現在,社会経済情勢の先行きに一段と不透明感が増しております。市民の皆様には非常に厳しい不安な状況にあるものと受け止めております。私は,市民一人一人を大切にする,持続可能で落ち着きのある市民生活を構築していかなければならないと考えております。新年度は,そのための第一歩を踏み出す年にして参る考えであります。額に汗して働く人たちが報われるよう,今こそが福山市としての総合力を高め,その真価を発揮する大切な時期であると考えております。そのため,職員の英知を結集し,皆様が将来にわたって希望が持てるよう全力を傾注して取り組んで参る覚悟であります。議員各位を始め市民の皆様の御理解と御協力をいただきますようお願いを申し上げます。

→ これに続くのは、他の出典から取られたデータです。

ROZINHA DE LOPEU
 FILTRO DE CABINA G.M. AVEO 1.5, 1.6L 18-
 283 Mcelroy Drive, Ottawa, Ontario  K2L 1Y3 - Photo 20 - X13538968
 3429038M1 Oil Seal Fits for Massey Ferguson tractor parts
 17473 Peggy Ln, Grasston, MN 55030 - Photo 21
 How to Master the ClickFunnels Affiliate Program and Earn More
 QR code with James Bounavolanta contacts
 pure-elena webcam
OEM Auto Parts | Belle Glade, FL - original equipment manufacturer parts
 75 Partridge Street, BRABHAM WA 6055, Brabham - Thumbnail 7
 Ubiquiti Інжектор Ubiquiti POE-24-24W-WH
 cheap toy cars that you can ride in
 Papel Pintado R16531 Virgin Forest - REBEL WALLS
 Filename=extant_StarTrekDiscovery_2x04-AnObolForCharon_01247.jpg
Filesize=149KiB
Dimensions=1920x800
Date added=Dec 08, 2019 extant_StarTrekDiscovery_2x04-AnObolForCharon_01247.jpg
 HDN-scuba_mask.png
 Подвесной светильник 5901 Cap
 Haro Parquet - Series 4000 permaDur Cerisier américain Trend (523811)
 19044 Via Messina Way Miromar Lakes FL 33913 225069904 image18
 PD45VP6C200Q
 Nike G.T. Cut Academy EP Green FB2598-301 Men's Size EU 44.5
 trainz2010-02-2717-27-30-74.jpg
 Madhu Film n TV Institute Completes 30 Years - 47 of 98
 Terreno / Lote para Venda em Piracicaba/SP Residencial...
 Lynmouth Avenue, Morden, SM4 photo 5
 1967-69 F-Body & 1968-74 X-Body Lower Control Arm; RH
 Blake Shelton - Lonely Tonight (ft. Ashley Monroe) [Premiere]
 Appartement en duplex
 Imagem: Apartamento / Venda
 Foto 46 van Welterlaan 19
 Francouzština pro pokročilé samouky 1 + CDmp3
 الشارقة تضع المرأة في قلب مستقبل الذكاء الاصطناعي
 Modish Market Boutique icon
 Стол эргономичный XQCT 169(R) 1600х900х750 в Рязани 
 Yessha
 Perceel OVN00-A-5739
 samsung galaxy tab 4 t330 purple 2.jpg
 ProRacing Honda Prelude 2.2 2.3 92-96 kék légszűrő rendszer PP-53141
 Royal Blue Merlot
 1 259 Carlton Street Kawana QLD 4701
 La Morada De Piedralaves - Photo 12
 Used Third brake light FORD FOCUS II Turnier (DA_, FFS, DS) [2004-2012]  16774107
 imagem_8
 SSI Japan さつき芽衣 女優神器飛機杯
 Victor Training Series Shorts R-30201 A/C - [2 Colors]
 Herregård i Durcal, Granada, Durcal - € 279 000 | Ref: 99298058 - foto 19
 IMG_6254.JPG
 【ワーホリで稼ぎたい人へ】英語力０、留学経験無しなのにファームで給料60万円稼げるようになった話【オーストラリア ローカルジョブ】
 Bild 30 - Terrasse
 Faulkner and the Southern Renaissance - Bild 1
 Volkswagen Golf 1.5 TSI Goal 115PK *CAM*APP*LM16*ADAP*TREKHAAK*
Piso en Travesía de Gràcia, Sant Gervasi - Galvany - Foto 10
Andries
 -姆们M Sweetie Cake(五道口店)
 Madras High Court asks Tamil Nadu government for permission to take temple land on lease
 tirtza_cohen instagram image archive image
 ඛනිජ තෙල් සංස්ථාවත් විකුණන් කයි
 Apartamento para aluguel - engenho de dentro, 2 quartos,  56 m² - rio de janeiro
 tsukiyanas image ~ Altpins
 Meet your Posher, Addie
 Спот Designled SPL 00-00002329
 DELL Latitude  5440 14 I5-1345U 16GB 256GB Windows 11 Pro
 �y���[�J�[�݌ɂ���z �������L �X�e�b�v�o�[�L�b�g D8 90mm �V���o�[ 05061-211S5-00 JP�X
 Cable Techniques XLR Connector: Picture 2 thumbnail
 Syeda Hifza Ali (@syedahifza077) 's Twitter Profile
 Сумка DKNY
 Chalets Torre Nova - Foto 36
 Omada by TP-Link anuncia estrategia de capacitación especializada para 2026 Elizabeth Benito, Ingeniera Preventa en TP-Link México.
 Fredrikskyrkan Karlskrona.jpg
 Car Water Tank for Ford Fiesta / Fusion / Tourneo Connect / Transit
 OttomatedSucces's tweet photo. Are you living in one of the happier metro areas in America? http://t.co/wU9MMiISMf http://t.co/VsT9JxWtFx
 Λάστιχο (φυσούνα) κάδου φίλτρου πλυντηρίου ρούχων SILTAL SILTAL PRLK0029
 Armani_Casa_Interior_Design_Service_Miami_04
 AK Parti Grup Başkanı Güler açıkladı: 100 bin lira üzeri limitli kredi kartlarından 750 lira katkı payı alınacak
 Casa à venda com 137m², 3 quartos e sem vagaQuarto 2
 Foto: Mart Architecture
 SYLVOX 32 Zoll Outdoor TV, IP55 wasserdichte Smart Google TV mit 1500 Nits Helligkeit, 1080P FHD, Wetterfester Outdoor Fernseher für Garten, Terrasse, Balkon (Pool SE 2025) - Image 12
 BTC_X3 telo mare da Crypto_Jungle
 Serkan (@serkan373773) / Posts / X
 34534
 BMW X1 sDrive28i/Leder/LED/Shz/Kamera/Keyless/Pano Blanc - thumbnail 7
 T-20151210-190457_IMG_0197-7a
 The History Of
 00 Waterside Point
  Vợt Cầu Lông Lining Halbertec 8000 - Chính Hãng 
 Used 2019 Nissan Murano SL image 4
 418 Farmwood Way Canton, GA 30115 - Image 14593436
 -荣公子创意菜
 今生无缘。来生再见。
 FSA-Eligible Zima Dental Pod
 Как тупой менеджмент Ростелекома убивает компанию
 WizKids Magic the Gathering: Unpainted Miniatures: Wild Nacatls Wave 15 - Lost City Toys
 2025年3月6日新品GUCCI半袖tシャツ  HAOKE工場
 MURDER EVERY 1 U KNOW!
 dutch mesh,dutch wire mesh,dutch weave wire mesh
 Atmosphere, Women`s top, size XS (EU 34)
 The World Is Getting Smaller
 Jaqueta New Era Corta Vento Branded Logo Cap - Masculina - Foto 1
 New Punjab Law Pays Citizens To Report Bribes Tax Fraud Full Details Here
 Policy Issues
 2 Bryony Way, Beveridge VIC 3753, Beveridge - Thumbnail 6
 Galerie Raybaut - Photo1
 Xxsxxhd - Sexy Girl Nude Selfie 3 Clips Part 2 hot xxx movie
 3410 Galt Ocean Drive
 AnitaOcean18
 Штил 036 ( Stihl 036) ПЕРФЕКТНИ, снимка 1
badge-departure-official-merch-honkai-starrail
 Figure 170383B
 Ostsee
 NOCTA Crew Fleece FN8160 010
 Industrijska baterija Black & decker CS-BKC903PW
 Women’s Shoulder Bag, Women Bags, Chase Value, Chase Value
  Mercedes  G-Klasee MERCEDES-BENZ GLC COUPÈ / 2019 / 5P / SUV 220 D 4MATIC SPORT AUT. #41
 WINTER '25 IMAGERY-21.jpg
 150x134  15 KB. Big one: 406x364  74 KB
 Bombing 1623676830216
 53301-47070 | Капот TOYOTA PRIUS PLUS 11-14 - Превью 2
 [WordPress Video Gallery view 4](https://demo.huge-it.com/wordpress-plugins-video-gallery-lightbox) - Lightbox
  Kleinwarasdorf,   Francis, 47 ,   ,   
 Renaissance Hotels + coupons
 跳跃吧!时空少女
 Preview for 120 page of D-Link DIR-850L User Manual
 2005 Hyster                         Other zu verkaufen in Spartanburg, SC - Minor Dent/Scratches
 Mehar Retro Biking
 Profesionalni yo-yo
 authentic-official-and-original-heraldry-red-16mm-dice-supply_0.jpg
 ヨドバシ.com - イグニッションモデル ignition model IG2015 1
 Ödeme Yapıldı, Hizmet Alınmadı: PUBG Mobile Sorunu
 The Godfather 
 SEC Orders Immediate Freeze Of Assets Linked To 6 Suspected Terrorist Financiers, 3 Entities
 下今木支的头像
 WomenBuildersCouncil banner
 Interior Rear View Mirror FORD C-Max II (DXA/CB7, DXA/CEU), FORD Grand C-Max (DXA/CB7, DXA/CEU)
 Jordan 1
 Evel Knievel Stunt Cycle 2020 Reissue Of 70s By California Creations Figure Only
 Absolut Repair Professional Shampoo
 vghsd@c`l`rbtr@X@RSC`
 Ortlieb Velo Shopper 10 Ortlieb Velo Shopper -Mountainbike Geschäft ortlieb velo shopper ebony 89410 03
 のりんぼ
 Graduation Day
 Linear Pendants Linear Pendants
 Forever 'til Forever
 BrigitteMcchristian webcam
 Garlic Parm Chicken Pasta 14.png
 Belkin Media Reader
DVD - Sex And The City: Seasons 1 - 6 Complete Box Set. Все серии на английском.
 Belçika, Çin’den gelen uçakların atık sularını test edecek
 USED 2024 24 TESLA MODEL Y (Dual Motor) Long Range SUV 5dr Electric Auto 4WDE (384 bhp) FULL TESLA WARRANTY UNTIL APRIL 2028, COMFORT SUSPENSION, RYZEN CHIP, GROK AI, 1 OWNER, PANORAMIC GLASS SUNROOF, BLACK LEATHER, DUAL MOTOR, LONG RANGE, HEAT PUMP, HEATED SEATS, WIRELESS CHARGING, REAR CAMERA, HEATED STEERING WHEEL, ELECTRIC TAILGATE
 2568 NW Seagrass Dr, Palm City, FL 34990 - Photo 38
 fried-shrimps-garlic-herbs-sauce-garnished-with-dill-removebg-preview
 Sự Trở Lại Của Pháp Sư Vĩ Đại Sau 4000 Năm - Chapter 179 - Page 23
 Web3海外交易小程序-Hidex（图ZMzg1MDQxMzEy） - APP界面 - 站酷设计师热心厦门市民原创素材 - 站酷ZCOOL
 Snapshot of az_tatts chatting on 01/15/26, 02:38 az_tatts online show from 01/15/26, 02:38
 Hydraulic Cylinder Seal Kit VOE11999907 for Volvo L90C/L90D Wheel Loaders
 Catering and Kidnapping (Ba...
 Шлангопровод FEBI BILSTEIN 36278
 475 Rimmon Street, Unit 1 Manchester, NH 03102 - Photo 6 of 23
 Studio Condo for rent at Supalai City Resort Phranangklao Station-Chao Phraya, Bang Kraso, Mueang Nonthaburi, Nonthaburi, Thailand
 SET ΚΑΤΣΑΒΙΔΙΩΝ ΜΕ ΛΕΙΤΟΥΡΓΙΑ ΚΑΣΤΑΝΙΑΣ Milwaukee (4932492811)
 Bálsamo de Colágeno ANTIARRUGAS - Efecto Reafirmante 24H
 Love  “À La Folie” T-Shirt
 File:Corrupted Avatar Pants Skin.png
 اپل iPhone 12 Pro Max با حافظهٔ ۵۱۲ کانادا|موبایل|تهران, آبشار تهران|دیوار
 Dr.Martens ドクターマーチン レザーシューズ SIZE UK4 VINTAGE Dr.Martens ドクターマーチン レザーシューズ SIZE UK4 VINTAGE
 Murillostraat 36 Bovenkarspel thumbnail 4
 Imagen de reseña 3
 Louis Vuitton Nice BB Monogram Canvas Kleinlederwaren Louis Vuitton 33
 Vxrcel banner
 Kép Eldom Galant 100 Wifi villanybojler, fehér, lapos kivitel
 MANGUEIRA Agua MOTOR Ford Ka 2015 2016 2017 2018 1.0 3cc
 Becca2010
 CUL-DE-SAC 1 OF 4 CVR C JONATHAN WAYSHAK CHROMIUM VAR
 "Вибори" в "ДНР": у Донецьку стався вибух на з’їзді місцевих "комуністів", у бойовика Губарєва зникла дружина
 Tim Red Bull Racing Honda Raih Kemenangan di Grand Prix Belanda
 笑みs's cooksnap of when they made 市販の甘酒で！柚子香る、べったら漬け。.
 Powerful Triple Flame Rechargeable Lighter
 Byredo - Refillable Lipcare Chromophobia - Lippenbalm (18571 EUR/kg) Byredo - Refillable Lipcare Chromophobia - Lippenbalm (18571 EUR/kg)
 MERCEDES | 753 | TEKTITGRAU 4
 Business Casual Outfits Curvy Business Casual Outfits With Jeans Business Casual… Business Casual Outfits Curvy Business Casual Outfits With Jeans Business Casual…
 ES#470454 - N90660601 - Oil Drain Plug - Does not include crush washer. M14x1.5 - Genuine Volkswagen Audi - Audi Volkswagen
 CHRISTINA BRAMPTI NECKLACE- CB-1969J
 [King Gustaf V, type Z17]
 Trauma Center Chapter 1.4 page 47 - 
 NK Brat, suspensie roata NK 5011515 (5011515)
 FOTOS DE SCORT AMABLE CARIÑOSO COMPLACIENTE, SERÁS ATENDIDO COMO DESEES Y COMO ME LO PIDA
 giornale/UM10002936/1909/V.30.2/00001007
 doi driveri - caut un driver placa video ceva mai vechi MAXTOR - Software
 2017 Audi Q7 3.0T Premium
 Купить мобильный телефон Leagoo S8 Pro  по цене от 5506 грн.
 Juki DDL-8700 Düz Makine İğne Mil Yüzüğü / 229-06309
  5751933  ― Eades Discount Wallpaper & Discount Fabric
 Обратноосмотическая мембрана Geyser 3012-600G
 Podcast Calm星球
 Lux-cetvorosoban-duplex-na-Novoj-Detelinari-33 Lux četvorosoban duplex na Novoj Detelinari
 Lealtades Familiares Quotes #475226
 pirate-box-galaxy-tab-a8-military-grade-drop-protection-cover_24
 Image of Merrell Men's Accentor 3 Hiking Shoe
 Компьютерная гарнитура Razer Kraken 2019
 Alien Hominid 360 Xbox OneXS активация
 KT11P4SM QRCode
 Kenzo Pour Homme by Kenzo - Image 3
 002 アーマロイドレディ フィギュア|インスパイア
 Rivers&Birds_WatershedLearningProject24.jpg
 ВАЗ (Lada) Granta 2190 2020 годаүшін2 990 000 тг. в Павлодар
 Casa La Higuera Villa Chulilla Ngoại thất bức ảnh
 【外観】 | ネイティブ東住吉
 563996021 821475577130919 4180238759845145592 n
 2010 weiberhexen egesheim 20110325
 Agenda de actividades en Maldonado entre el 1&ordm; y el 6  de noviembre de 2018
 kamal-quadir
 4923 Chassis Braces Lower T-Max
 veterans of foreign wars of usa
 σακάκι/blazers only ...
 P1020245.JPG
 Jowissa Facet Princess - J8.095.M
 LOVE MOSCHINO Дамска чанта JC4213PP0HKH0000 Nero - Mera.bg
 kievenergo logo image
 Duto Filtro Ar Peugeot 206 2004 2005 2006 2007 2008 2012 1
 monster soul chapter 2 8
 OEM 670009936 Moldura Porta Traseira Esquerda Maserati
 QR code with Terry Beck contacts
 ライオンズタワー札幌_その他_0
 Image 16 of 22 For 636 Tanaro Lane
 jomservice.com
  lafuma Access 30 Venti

 予算以外の議案といたしましては,福山市事務分掌条例の一部改正についてなど条例案21件,その他の議案として,新たに生じた土地の確認及び字の区域の変更についてなど7件を提出いたしております。何とぞ慎重なる御審議の上,御可決いただきますようお願いを申し上げ,提案理由の説明といたします。

本文は,口述筆記ではありませんので,表現その他に若干の変更があることがあります。